Further, Chen added that if lawyers can accept a line of credit, they should be able to receive litigation funding.
“It’s commonplace or regular for plaintiffs’ attorneys to pledge their house, their car, their kids’ college tuition fund … to get a line of credit,” she said. “Why aren’t we concerned about whether or not a lawyer is being swayed to settle a case for a certain amount because they might lose their car or house?”
Private litigation funding could also be considered when judges are determining the adequacy of class counsel, Wendel said.
Retired U.S. District Court Judge Vaughn R. Walker spoke up from the audience about how he didn’t think that a trial judge handling the merits of a case should have to deal with fee agreements or funding arrangements. He suggested that that’s a task better suited for a magistrate judge.
“I think as a judge you’re tempted to try to come up with a fee decision that’s going to affect how the case comes out. It creates the wrong incentive,” Judge Walker said. “The judge really should just look at the merits of the case … and not worry about whether the plaintiffs’ lawyers are making money or not making money, or what their financial arrangements are.”
Such funding agreements are common and disclosed in the U.K., said Steve Weisbrot, CEO of claims administrator Angeion Group. It’s also a way to increase access for parties that could not otherwise afford to pursue their claims in court.
The idea that lawyers who use third-party funding are less adequate “perpetuates the old boy system that we’re seeing in the MDL structure — not enough women, not enough people of color, not enough minorities — and a lot of times that has to do with the fact that they don’t have access to the same funding that some of the more established firms do,” he said.
Wendel noted that much of the concerns about third-party funding stems from court restrictions, such as California’s Rule 5.4, which prohibits a lawyer or law firm under most circumstances from sharing their legal fees with someone not authorized to practice law. He questioned, however, how litigation funding differs from a loan or line of credit a lawyer or law firm might take out to support their operations.
He also noted that Arizona’s supreme court ditched its version of that ethics rule in 2020.
“Arizona didn’t just eliminate 5.4 … it replaced it with about 100 pages of regulations, the essence of which is to extend ethical obligations to the funders,” she said. “It’s a pretty breathtaking extension if you’re a passive investor in Singapore investing in an Arizona law firm.”
One commenter at the conference on Saturday told the panelists that “scary allegations” about litigation funding, which he said were oft perpetuated by the U.S. Chamber of Commerce, hurt plaintiffs.
“Not that there aren’t legitimate concerns,” they said. “But this more or less cuts in one direction … the more roadblocks there are to litigation funding, it predominantly helps the defense-side.”
It would be helpful to have someone study litigation funding and not just rely on anecdotal evidence about its successes and failures, Wendel said.
Steinitz agreed. “We are discussing regulation, or issues generally in the dark without data,” she said.

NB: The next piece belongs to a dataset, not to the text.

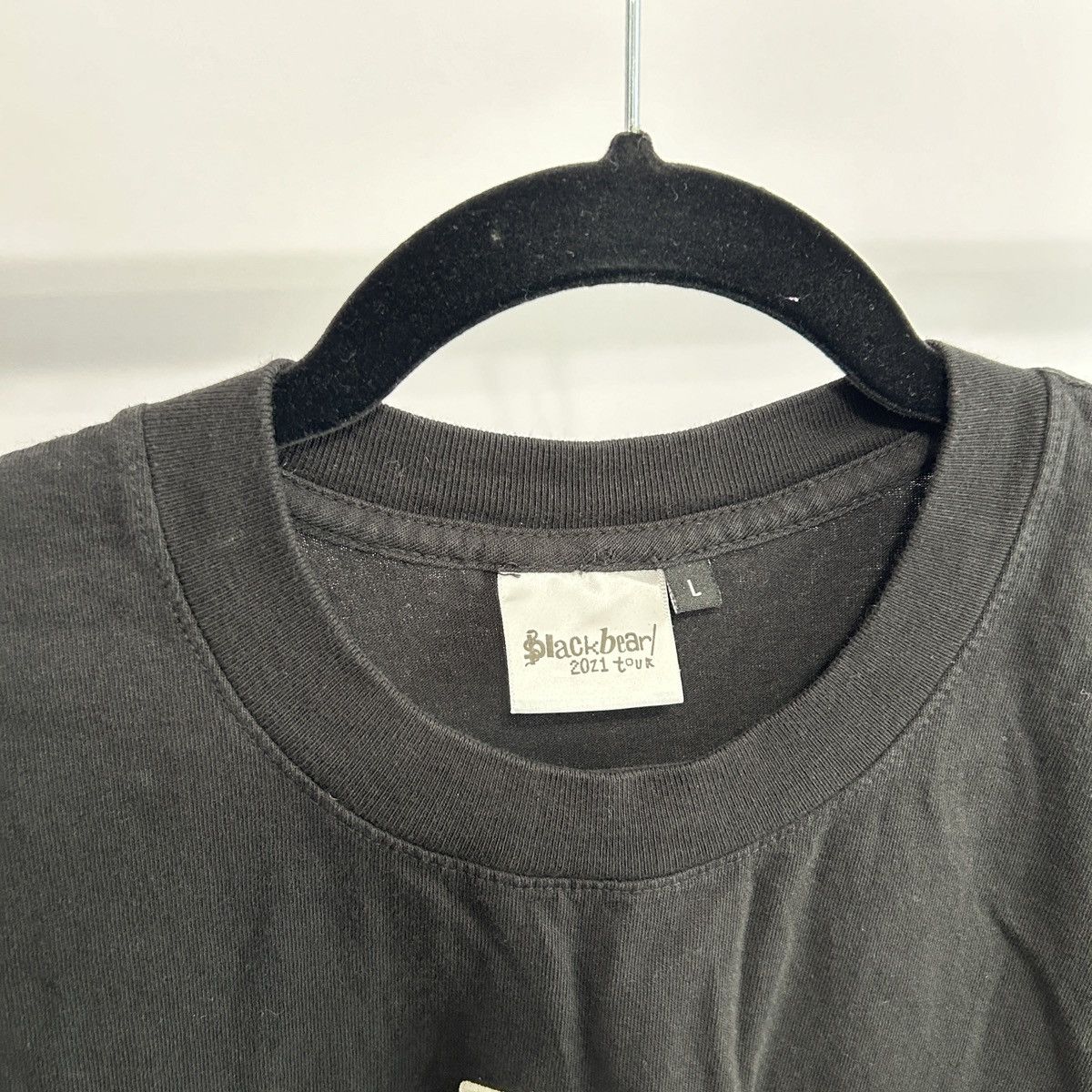 Other Blackbear Bubble Graphic Tour Tshirt Size Large - "Noreen" Size US L / EU 52-54 / 3 - 18 Thumbnail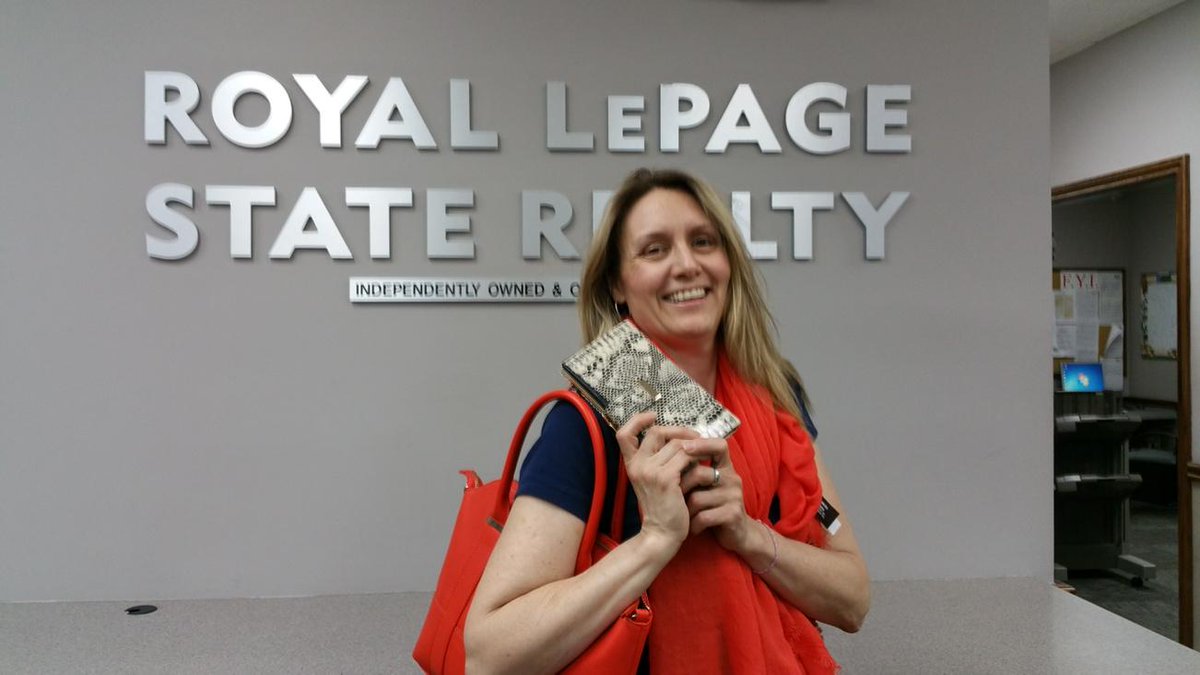 RLPKathyDN's tweet photo. Winner beautiful Danier purse, wallet &amp; scarf from Ladies of @RLPState draw @SOWomensShow Congratulations Francine! http://t.co/6BqiHqSV6Y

Contributing to the lack of evidence is that when third-party-funded cases go to arbitration, there aren’t even any anecdotes, Steinitz said.
Another ethical concern is whether and how much control the private litigation funders might have over cases, she said.
“Are funders largely passive? Are they largely active? Are they seeking to influence?” Steinitz said. “What’s going on there?”
Chen said it’s not in the interest of funders to control the litigation.
“We’re invested in hundreds of litigations. … There’s no possible efficient way that we could control what goes on in each of them, nor would we want to,” she said.